# Any info or experience with this CA breeder?



## Suzette

I am looking for any and all information available on Cornerstone Kennels in Chico CA.


----------



## krandall

Suzette said:


> I am looking for any and all information available on Cornerstone Kennels in Chico CA.


I don't know them at all, but I see that although they do some health testing of their breeders, they do not x-ray hips or elbows. Also, while some people feel differently, I would NEVER want a puppy shipped to me. I don't think it's in the best interest of the puppy. It's fine to fly a puppy, but they should fly in-cabin, with a caretaker, usually the new owner, but sometimes the breeder or a person hired for that purpose.
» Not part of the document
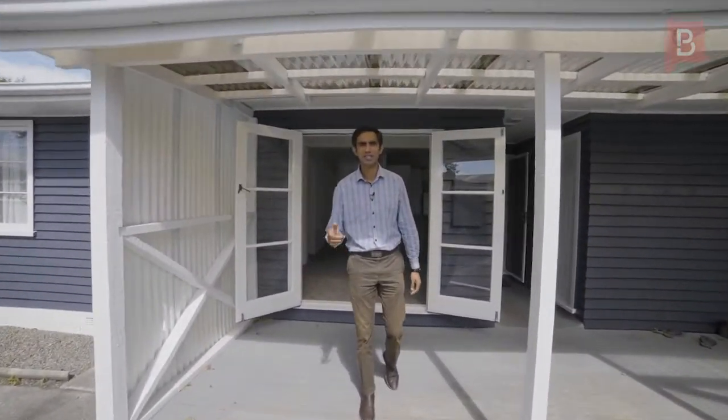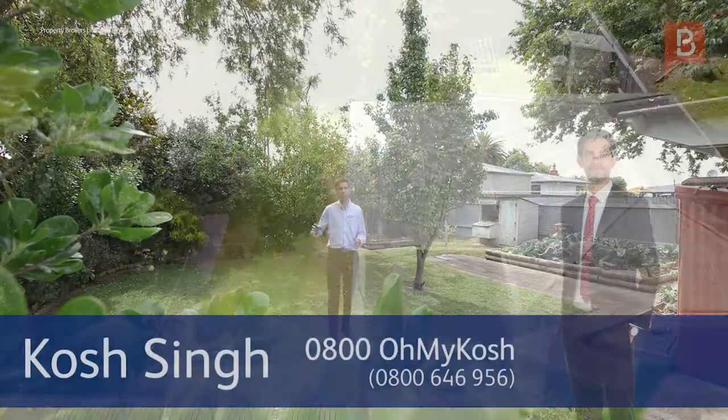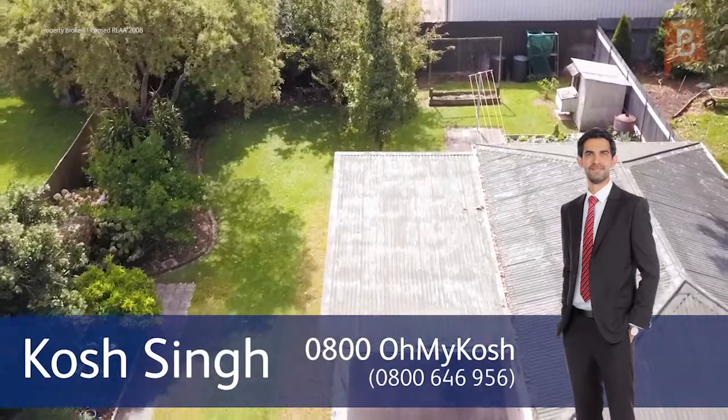Big backyard — you can subdivide this. The council has granted permission for a subdivision. It can be done now or up to the next five years. So come check it out. I'll see you at the open home. Kaushik Singh, Property Brokers.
I believe that the only way to have a good idea of how your puppy spent his or her critical early weeks is to visit the breeder yourself, meet the parents (at least the dam&#8230; the sire may not live with the breeder), and see how and where the puppies are raised. Have they been well-socialized, spending their waking hours with the family? Is their area scrupulously clean? Have they been started on potty training? If the answers to any of these questions are "no", I'd walk away.


----------



## lfung5

I think I remember reading something negative about them. I came across their site when looking for my guys. I think you can find a better breeder


----------



## juliav

Run, don't walk away from Cornerstone. I've heard some bad stories about them. They always, always have puppies, which is a huge red flag. If you are looking for a Havanese puppy in Northern California, I highly recommend you contact either one of the breeders below. They both show and health test their dogs:

www.Bellatakhavanese.com

www.lilpawzhavanese.net

If they don't have any puppies, they will be able to refer you to someone. I would absolutely love a Bellatalk puppy. Maybe some day.


----------